Perhaps it would have been better to start inductively; n = 0 clearly is valid by (2), n = 1..3 by (3), then consider the addition of the first (n+1)th non-collinear point (if the points make a line then they continue to describe a complete set by (4)). The set of pairwise lines now generated still does not realize any new points, since there are no intersections (except of entire lines on the existing "line", which do not add new points); the lines formed through pn are distinct. Points collinear with the first n may be still added to the set without violating the condition for completeness.

The difficulty is with adding a second point not collinear with the first n. If this is done either the set becomes incomplete or case (6) is introduced (and no more points may be added, as shown above). For case (6) we require that both (a) n = 4 and (b) that there already exist a point in the first n collinear with the two points added (if not, one can be generated and the set is not complete).
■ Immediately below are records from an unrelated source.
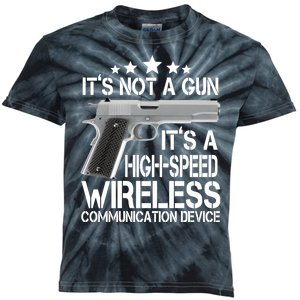 It's Not A Gun High Speed Wireless Communication Device Kids Tie-Dye T-Shirt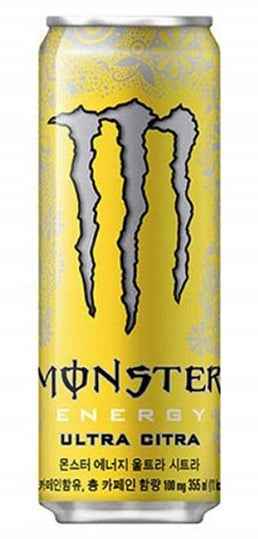 Monster Ultra Citra 355ml Korea unikatowy smak cytrusowy Edycja limitowana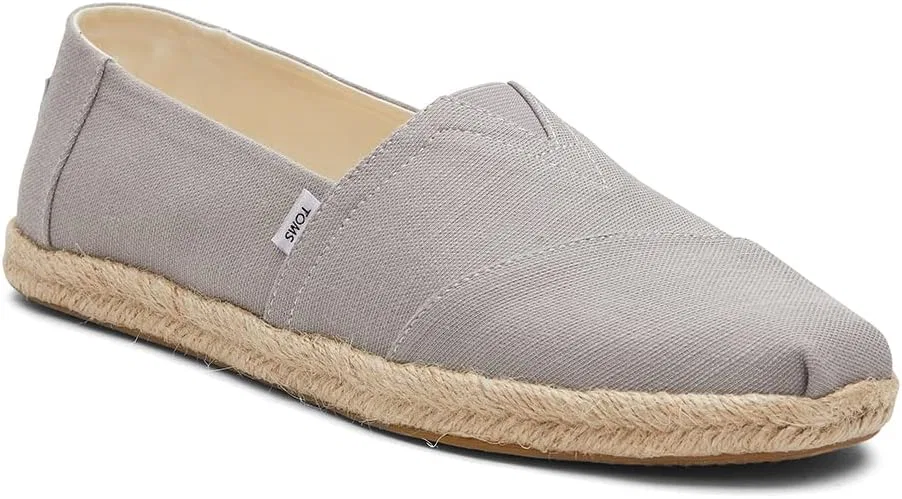 Туфли TOMS Men's Alpargata Rope 10017677 - tan chambray, Gray — фото 2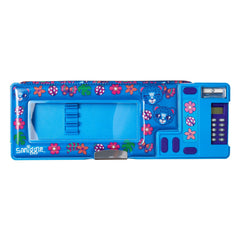Smiggle - Estuche Pop Out Automático con Calculadora Budz Azules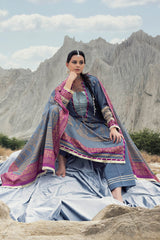 3 Piece Unstitched Gold Printed Lawn Suit CL-52119-A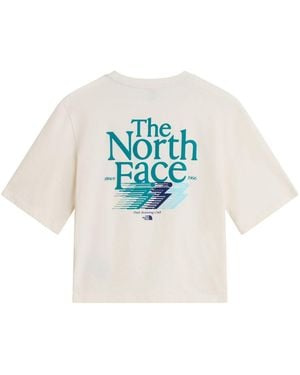 The North Face The North Face Retro Trail Back Graphic Boxy T-Shirt - Blue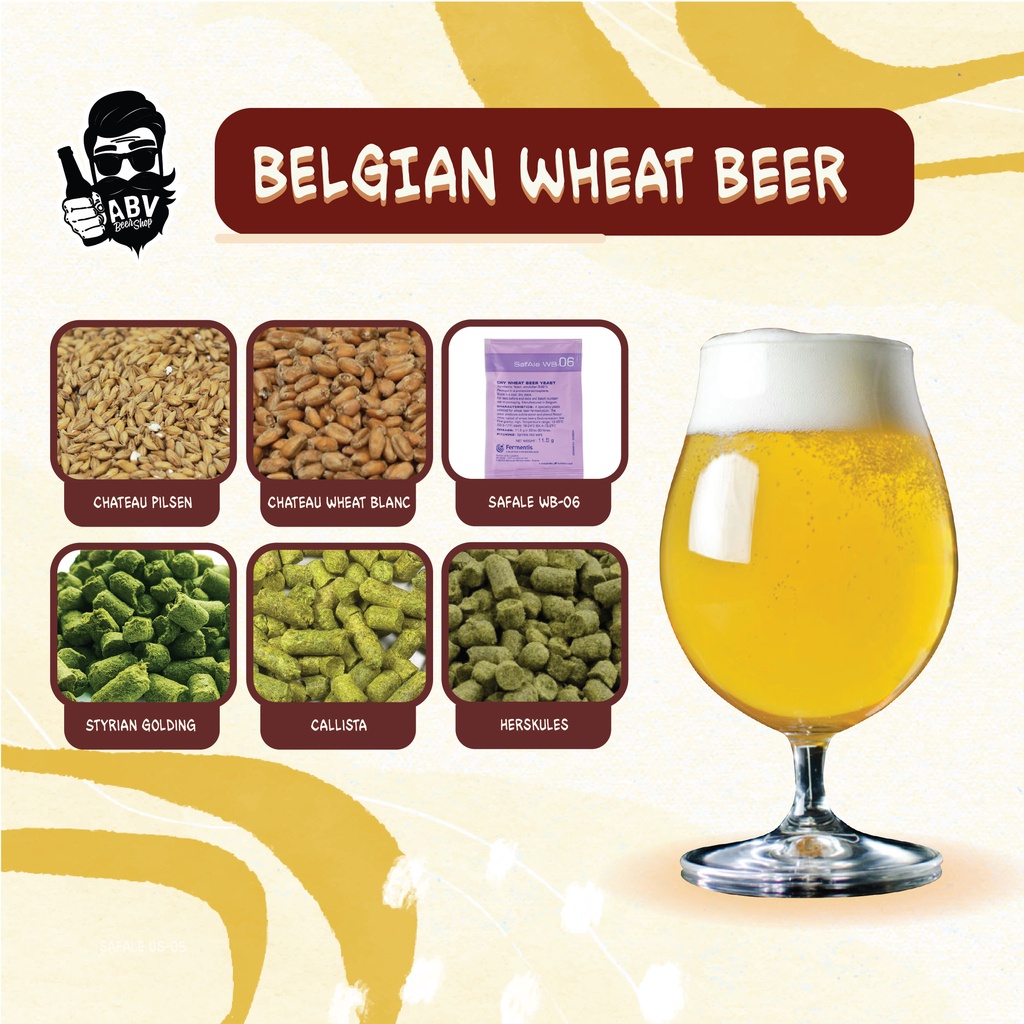 Set nguyên liệu nấu bia Belgian Wheat Beer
It remains to show that if either (a) or (b) are not satisfied then the addition of the second non-collinear point affords an incomplete set (or an infinite complete set, I suppose). Construct a line l0 containing point pn and a point on the "line" such that l0 does not contain pn+1 (such a point exists trivially, because the "line" must have at least 2 points). Construct l1 between pn+1 and a point on the "line" such that l1 does not contain pn and is not parallel to l0 (possible because n is at least 3 and the case where there are 3 points on the line that do not allow the construction has been eliminated - the parallelogram). The intersection of l0 and l1 will describe a new point, thus the set is no longer complete, QED.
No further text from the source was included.